Posted on 10/05/2005 4:03:47 PM PDT by perfect stranger

I eagerly await the announcement of President Bush's real nominee to the Supreme Court. If the president meant Harriet Miers seriously, I have to assume Bush wants to go back to Crawford and let Dick Cheney run the country.

Unfortunately for Bush, he could nominate his Scottish terrier Barney, and some conservatives would rush to defend him, claiming to be in possession of secret information convincing them that the pooch is a true conservative and listing Barney's many virtues – loyalty, courage, never jumps on the furniture ...

Harriet Miers went to Southern Methodist University Law School, which is not ranked at all by the serious law school reports and ranked No. 52 by US News and World Report. Her greatest legal accomplishment is being the first woman commissioner of the Texas Lottery.

I know conservatives have been trained to hate people who went to elite universities, and generally that's a good rule of thumb. But not when it comes to the Supreme Court.

First, Bush has no right to say "Trust me." He was elected to represent the American people, not to be dictator for eight years. Among the coalitions that elected Bush are people who have been laboring in the trenches for a quarter-century to change the legal order in America. While Bush was still boozing it up in the early '80s, Ed Meese, Antonin Scalia, Robert Bork and all the founders of the Federalist Society began creating a farm team of massive legal talent on the right.

To casually spurn the people who have been taking slings and arrows all these years and instead reward the former commissioner of the Texas Lottery with a Supreme Court appointment is like pinning a medal of honor on some flunky paper-pusher with a desk job at the Pentagon – or on John Kerry – while ignoring your infantrymen doing the fighting and dying.

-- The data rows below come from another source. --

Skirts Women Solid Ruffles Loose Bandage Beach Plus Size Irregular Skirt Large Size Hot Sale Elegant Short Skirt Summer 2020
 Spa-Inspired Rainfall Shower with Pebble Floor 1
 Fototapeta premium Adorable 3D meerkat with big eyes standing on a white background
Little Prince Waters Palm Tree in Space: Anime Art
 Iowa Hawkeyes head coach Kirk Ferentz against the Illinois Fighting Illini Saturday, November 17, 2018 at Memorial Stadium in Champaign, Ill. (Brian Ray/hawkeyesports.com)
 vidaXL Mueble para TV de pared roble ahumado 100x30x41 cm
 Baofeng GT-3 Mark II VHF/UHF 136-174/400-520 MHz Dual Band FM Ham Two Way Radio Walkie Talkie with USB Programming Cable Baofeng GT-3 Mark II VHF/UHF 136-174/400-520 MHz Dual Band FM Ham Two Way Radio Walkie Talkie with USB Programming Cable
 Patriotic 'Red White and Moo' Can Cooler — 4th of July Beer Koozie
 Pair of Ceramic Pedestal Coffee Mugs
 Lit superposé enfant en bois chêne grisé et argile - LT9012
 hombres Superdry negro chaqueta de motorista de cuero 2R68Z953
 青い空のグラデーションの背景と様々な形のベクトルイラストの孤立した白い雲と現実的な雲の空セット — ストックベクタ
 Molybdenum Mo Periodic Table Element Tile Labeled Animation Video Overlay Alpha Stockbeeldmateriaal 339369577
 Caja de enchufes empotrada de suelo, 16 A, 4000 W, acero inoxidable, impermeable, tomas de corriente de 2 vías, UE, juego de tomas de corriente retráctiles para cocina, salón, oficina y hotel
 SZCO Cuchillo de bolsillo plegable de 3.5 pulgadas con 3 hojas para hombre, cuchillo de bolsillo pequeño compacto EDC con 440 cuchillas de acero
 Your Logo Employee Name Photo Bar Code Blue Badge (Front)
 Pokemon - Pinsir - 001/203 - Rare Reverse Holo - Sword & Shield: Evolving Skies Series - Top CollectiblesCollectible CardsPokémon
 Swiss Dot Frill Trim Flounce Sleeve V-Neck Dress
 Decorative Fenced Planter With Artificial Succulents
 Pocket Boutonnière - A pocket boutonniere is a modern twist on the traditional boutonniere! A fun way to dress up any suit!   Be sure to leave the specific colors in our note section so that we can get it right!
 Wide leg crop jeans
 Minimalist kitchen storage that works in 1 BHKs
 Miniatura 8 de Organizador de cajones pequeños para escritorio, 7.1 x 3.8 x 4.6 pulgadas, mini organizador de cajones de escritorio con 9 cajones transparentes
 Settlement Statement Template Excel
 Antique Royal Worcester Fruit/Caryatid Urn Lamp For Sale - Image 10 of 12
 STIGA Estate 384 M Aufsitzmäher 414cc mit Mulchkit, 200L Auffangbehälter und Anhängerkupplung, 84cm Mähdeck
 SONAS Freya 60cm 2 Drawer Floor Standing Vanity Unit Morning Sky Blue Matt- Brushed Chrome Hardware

Second, even if you take seriously William F. Buckley's line about preferring to be governed by the first 200 names in the Boston telephone book than by the Harvard faculty, the Supreme Court is not supposed to govern us. Being a Supreme Court justice ought to be a mind-numbingly tedious job suitable only for super-nerds trained in legal reasoning like John Roberts. Being on the Supreme Court isn't like winning a "Best Employee of the Month" award. It's a real job.

One website defending Bush's choice of a graduate from an undistinguished law school complains that Miers' critics "are playing the Democrats' game," claiming that the "GOP is not the party which idolizes Ivy League acceptability as the criterion of intellectual and mental fitness." (In the sort of error that results from trying to sound "Ivy League" rather than being clear, that sentence uses the grammatically incorrect "which" instead of "that." Websites defending the academically mediocre would be a lot more convincing without all the grammatical errors.)

Actually, all the intellectual firepower in the law is coming from conservatives right now – and thanks for noticing! Liberals got stuck trying to explain Roe vs. Wade and are still at work 30 years later trying to come up with a good argument.

But the main point is: Au contraire! It is conservatives defending Miers' mediocre resume who are playing the Democrats' game. Contrary to recent practice, the job of being a Supreme Court justice is not to be a philosopher-king. Only someone who buys into the liberals' view of Supreme Court justices as philosopher-kings could hold legal training irrelevant to a job on the Supreme Court.

To be sure, if we were looking for philosopher-kings, an SMU law grad would probably be preferable to a graduate from an elite law school. But if we're looking for lawyers with giant brains to memorize obscure legal cases and to compose clearly reasoned opinions about ERISA pre-emption, the doctrine of equivalents in patent law, limitation of liability in admiralty, and supplemental jurisdiction under Section 1367 – I think we want the nerd from an elite law school. Bush may as well appoint his chauffeur head of NASA as put Miers on the Supreme Court.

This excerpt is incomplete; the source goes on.